* _TASK DESCRIPTION_
What is needed is an exact copy of every entry below, minus the images.
# # #
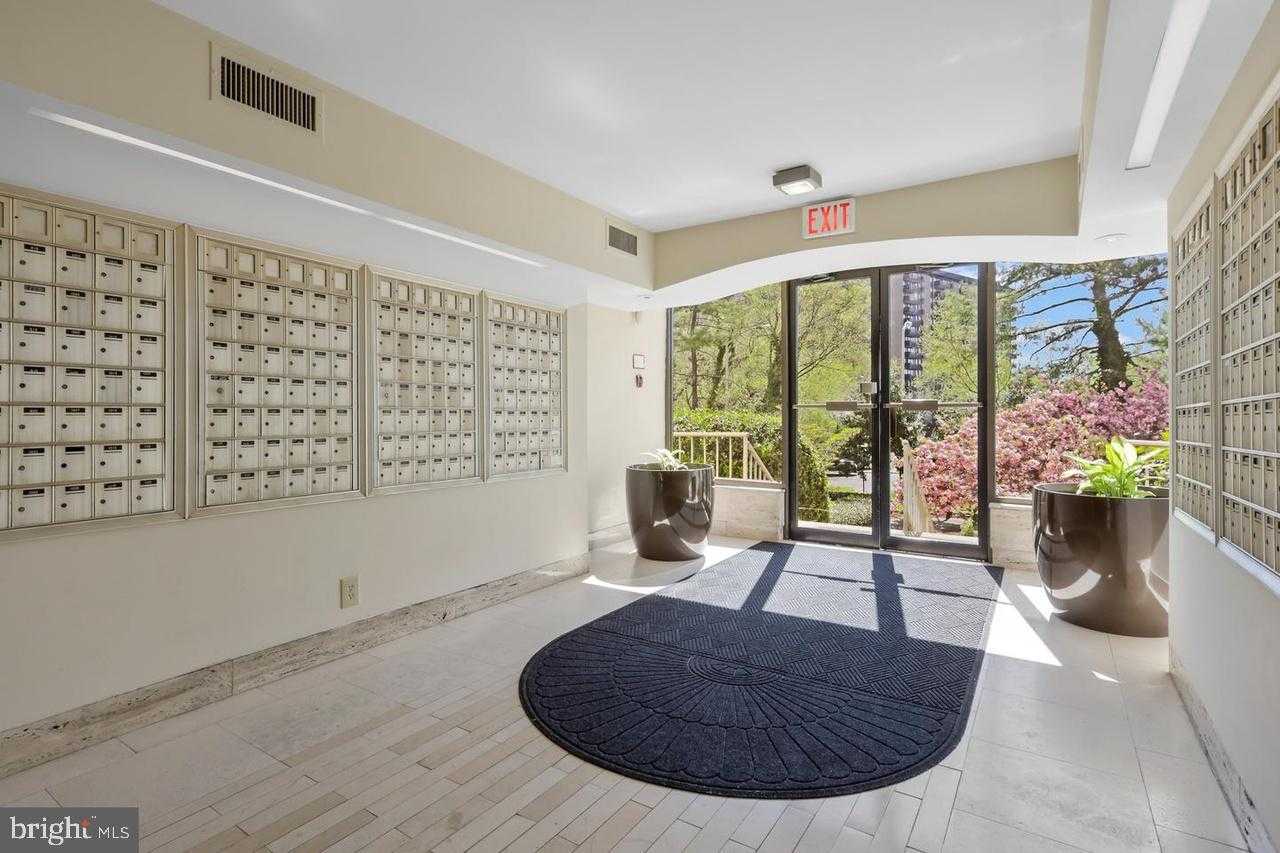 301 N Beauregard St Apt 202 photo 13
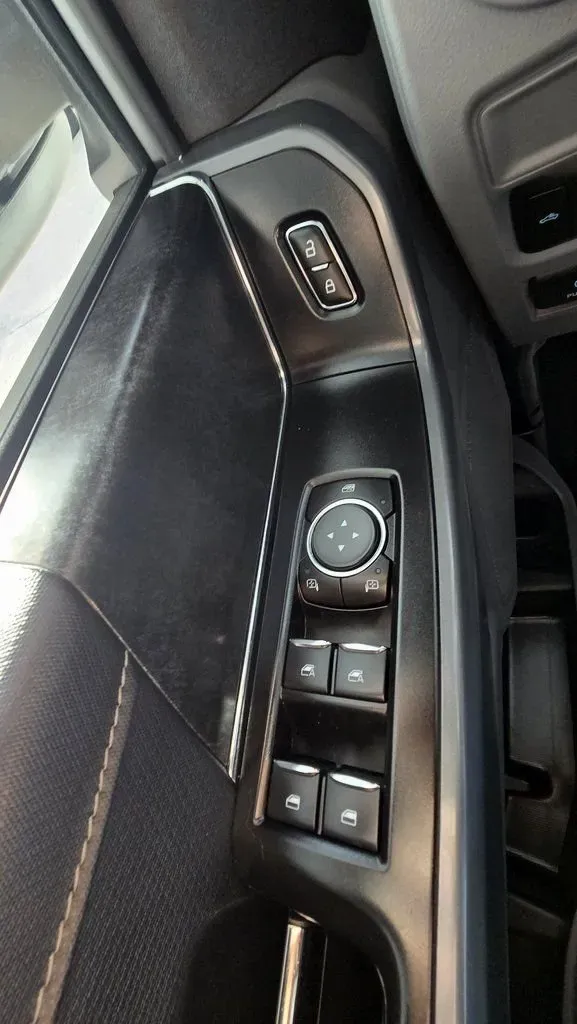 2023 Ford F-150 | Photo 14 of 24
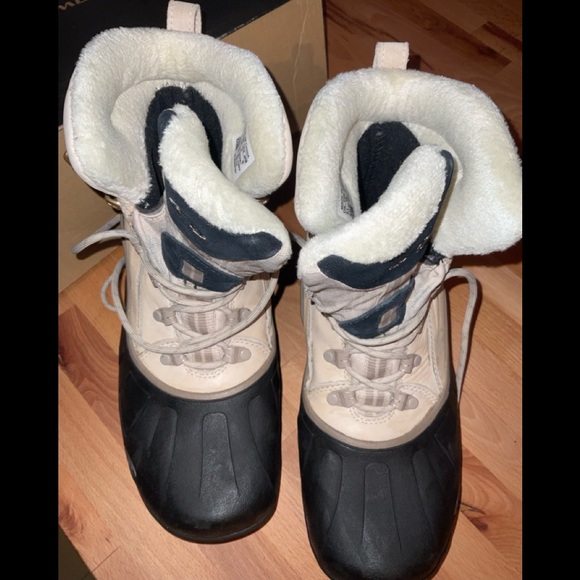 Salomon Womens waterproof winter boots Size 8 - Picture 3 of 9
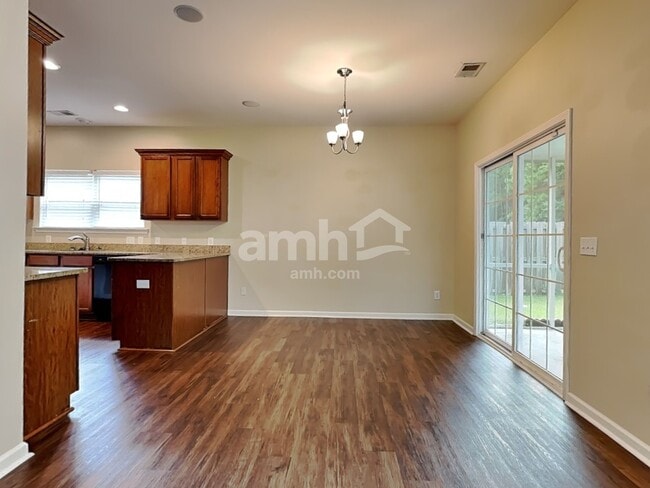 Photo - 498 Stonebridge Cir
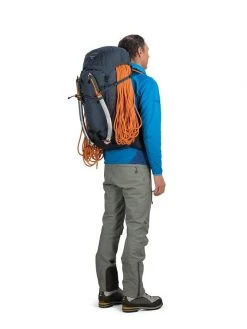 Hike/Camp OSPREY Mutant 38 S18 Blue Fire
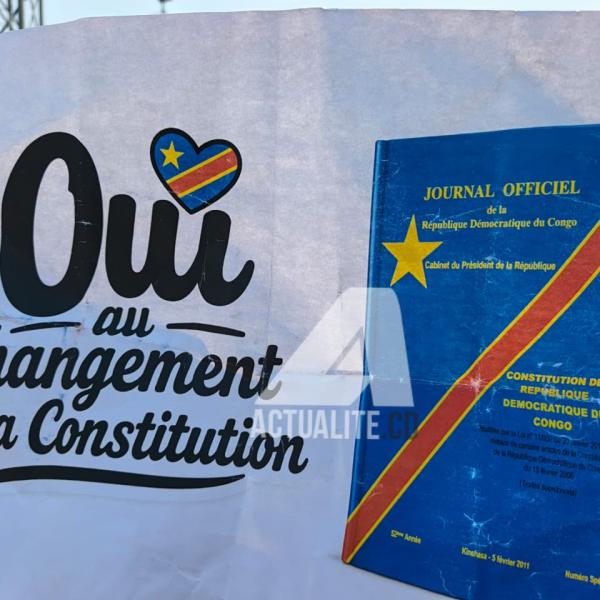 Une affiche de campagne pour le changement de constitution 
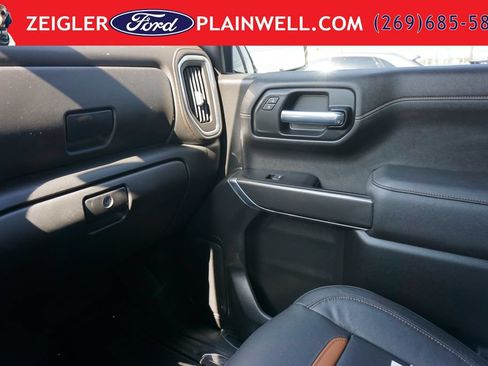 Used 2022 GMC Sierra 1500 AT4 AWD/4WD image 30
# # #
* _ANSWER BOX_
 301 N Beauregard St Apt 202 photo 13
 2023 Ford F-150 | Photo 14 of 24
 Salomon Womens waterproof winter boots Size 8 - Picture 3 of 9
 Photo - 498 Stonebridge Cir
 Hike/Camp OSPREY Mutant 38 S18 Blue Fire
 Une affiche de campagne pour le changement de constitution 
 Used 2022 GMC Sierra 1500 AT4 AWD/4WD image 30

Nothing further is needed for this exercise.